Imported DLLs and functions:
  WS2_32.dll
 - getsockname
 - listen
 - recv
 - closesocket
 - socket
  VERSION.dll
 - GetFileVersionInfoW
 - VerQueryValueW
 - GetFileVersionInfoSizeW
  COMCTL32.dll
 - ImageList_ReplaceIcon
 - ImageList_SetBkColor
 - ImageList_AddMasked
 - ImageList_BeginDrag
 - ImageList_EndDrag
  FLTLIB.DLL
 - FilterSendMessage
 - FilterGetMessage
 - FilterReplyMessage
 - FilterConnectCommunicationPort
  KERNEL32.dll
 - AcquireSRWLockExclusive
 - AcquireSRWLockShared
 - InitializeSRWLock
 - GetSystemInfo
 - VerSetConditionMask
  USER32.dll
 - LoadStringA
 - DrawEdge
 - GetMessageW
 - TranslateMessage
 - DispatchMessageW
  GDI32.dll
 - SaveDC
 - RestoreDC
 - SetBrushOrgEx
 - SetPixel
 - PatBlt
  COMDLG32.dll
 - ChooseColorW
 - GetOpenFileNameW
 - PrintDlgW
 - ChooseFontW
 - FindTextW
  ADVAPI32.dll
 - RegQueryValueExW
 - ConvertStringSidToSidW
 - ConvertSidToStringSidW
 - RegSetValueW
 - RegEnumKeyW
  SHELL32.dll
 - SHGetSpecia

Procmon imports many legitimate Windows APIs, such as:
- kernel32.dll
- user32.dll
- advapi32.dll

If this were malware, suspicious API imports might include:
- CreateRemoteThread (process injection)
- VirtualAllocEx (shellcode allocation)
- GetProcAddress and LoadLibraryA (dynamic API resolving)
- WinExec or ShellExecuteA (execution of child processes)

# YARA analysis

YARA is a powerful open source tool for malware analysis. It helps cybersecurity experts indentify and classify malware using custom **rules**.

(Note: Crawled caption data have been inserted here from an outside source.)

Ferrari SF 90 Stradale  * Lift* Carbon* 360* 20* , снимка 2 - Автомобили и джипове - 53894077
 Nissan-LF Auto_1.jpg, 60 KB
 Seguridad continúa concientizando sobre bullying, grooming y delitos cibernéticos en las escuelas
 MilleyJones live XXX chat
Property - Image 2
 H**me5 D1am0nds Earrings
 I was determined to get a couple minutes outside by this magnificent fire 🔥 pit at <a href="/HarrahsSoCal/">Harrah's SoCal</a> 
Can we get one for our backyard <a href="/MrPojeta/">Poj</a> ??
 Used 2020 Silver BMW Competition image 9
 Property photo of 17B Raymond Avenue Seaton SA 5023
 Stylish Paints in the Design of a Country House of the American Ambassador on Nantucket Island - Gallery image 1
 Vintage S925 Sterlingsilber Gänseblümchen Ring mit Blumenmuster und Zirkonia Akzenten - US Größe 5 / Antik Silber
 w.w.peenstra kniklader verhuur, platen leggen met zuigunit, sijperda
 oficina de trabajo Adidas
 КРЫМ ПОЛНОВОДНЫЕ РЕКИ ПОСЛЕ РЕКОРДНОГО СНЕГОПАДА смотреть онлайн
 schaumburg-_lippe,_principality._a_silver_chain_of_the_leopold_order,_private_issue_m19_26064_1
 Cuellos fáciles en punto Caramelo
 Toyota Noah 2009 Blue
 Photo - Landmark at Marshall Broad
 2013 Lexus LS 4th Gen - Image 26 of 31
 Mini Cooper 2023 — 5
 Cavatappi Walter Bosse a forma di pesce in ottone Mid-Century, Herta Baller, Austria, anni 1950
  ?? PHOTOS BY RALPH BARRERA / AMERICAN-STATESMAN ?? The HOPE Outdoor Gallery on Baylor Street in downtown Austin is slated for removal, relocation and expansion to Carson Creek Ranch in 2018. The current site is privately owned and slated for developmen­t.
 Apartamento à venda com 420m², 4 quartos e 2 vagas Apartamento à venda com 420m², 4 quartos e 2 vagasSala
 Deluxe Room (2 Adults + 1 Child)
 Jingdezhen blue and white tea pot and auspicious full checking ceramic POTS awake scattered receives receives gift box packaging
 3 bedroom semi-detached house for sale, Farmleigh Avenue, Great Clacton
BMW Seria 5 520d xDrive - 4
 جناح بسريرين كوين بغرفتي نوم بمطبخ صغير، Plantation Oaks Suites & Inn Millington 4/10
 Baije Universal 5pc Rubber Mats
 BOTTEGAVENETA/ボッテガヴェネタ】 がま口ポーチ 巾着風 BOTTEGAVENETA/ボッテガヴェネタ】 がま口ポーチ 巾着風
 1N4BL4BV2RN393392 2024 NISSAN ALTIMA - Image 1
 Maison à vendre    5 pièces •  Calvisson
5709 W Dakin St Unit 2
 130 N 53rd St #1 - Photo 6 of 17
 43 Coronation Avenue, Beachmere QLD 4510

YARA is the primary tool for:
- Writing detection rules
- Identifying malware families
- Matching file characteristics in SOC (Security Operations Centre) pipelines

Analysts use YARA to express signatures based on strings, binary patterns, and structural features.

The script below defines a rule that triggers whenever the string "http" is found. It compiles the rule using yara-python and runs it against the sample file. 

In [16]:
import yara

rule_source = """
rule ContainsHTTP {
    strings:
        $s = "http"
    condition:
        $s
}
"""
rules = yara.compile(source=rule_source)
matches = rules.match(sample)
print(matches)

AttributeError: module 'yara' has no attribute 'compile'

try other softwares, look for anything interesting, anything suspicious.